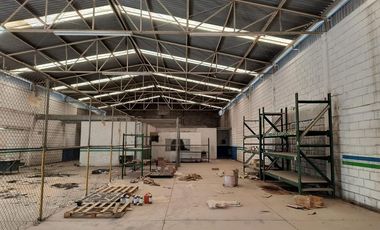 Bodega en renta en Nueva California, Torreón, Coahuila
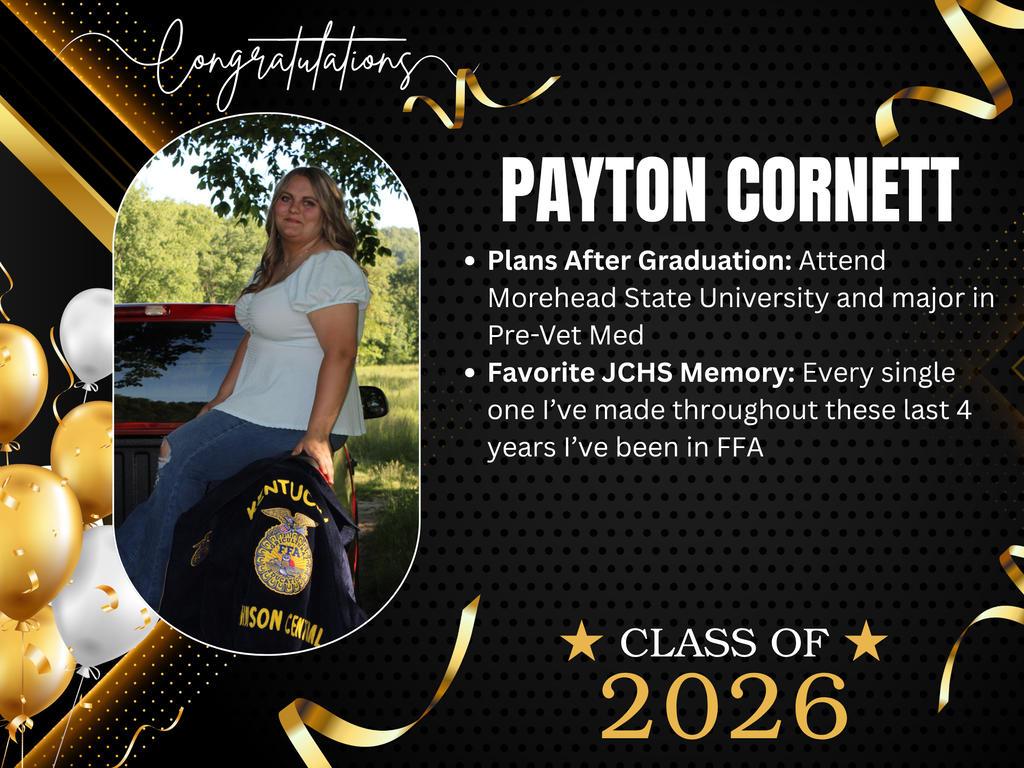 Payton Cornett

____________________

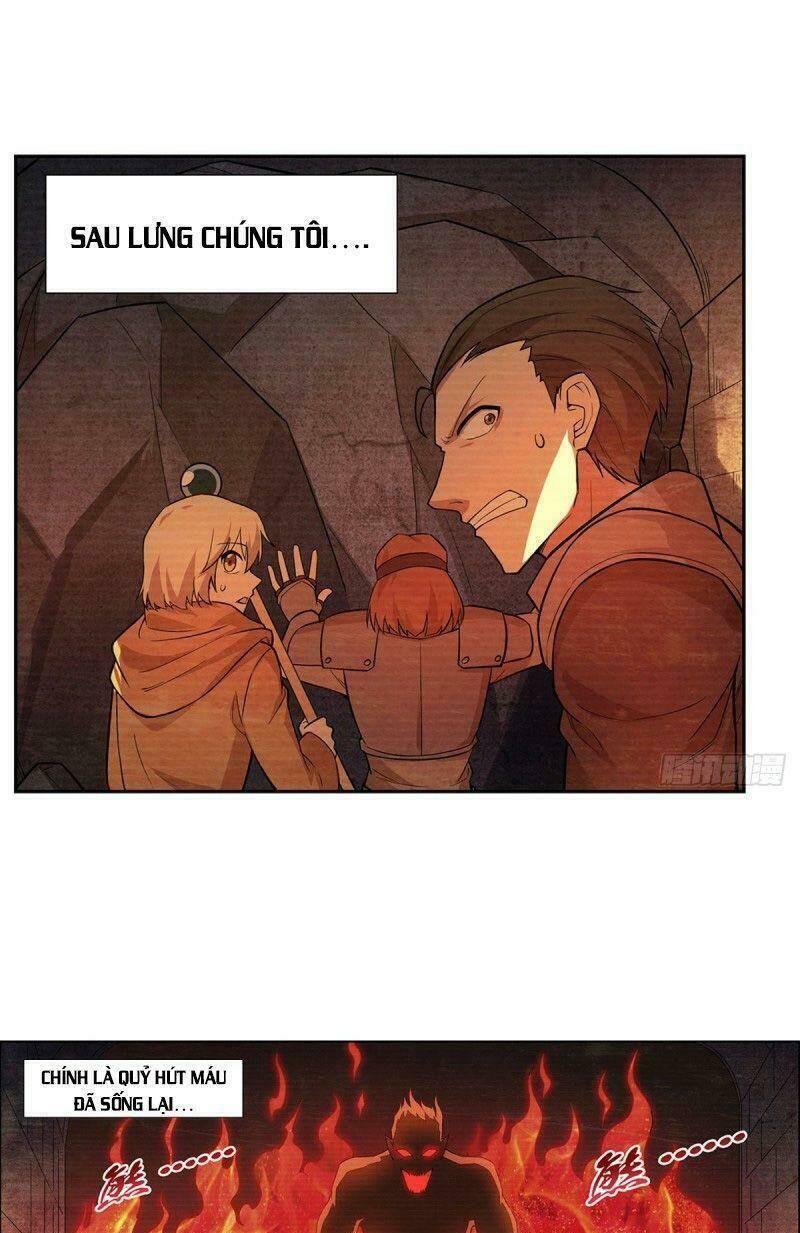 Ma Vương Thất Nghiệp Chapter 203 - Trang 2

____________________

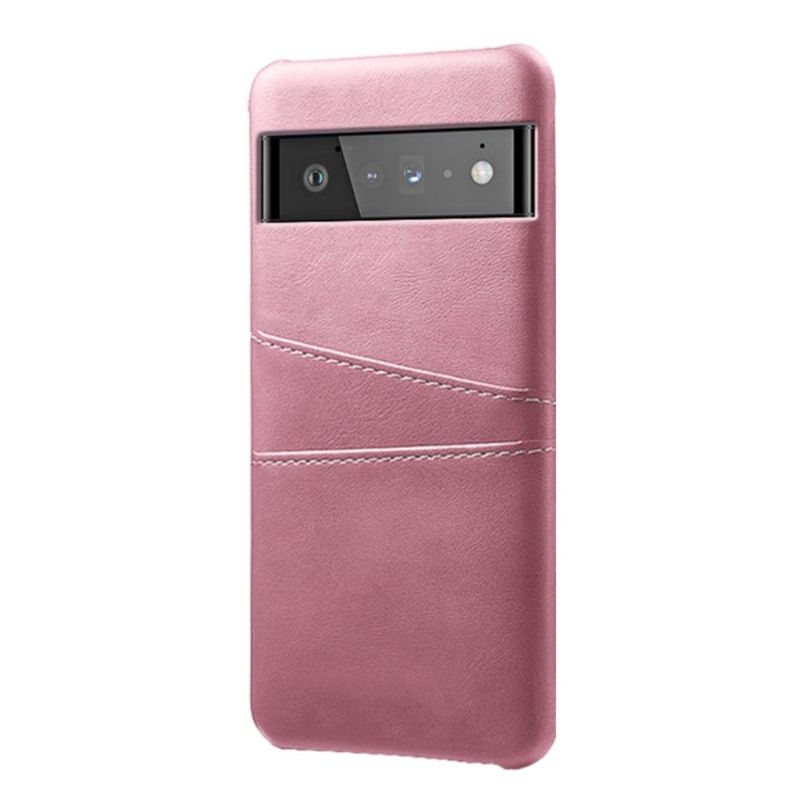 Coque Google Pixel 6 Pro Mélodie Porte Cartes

____________________

_EXERCISE INSTRUCTIONS_. Using the entries above, reproduce word for word only the lines from the one that contains "Bodega en renta" to the one that contains "Payton Cornett", both ends included, and drop every picture.

_RESPONSE AREA_.
 Bodega en renta en Nueva California, Torreón, Coahuila
 Payton Cornett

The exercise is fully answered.